Il risveglio della coscienza. Uno dei postulati della meditazione, ossia delle congetture che si desumono con l’esercizio di un’assidua pratica meditativa è la seguente: quanto più risali – o ti avvicini o intuisci – all’essenza della coscienza, tanto più divieni consapevole.
Imbrigliare la mente in modo che converga – in prevalenza – in una sola direzione. Contemplare un soggetto – una formazione mentale – in silenzio. Supponiamo sia la calma. Che puoi pensare sulla calma? Nulla, percepiscila! Protrai la sua sensazione fintantoché ti sentirai avvolto da una lieve cortina di quiete. Ed ecco l’immaginifico che prende forma, diviene reale. Ed ecco l’intangibile che si concretizza, dall’empireo dei concetti o delle idee si cristallizza per trasformarsi in vita vissuta.
L’immaginazione al servizio della meditazione. Concepisci, ti rappresenti, vagheggi la calma e lo diventi. Cosi come la (cosiddetta) calma – la tranquillità di spirito – non potevi pensarla, ma sentirla, ora che sei tranquillo i pensieri hanno rinunciato ad assillarti, le nubi della mente si dischiudono per mostrarti finalmente uno squarcio di sereno che si allarga, si espande sino a corrispondere, gradualmente, con il tuo intero orizzonte esistenziale.
Certo, leggere è un conto, provare un altro. Quindi predisponiti subito, concediti innanzitutto una pausa.

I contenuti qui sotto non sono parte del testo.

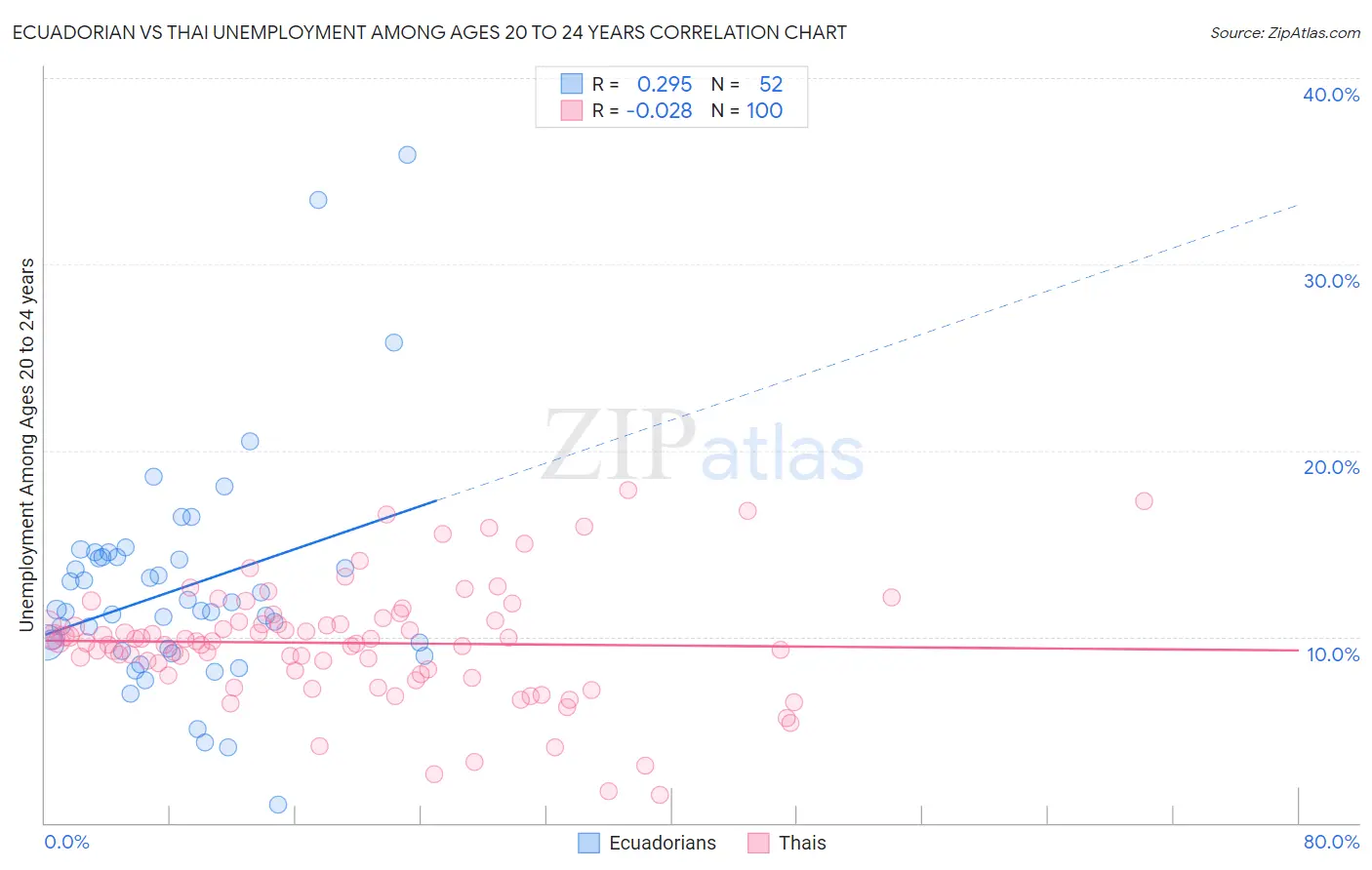 Ecuadorian vs Thai Unemployment Among Ages 20 to 24 years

Ora pensa all’impensabile, ossia la calma. Concepisci l’inaudibile, ossia il silenzio. Convergi sull’impercettibile, vale a dire la serenità. Riprendi a leggere solo dopo che avrai provato …
Che ne dici, hai immaginato la calma? In qualunque momento puoi frapporre un sipario dalla frenesia che ti coinvolge per lasciar spazio al tuo essere. Credici (con l’immaginazione) e quanto prima te ne sentirai avvolto, ti ci ritroverai immerso. Assisterai al tempo soggettivo che rallenta fino a fermarsi. Questo è lo stato di meditazione.